Reproduce the listing exactly, so that no line differs from the original.

Top of DATA SECTION

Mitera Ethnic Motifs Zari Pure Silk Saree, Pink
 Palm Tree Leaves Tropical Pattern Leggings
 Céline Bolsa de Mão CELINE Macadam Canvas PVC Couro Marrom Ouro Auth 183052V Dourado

Bottom of DATA SECTION

■ TASK RESULT
Mitera Ethnic Motifs Zari Pure Silk Saree, Pink
 Palm Tree Leaves Tropical Pattern Leggings
 Céline Bolsa de Mão CELINE Macadam Canvas PVC Couro Marrom Ouro Auth 183052V Dourado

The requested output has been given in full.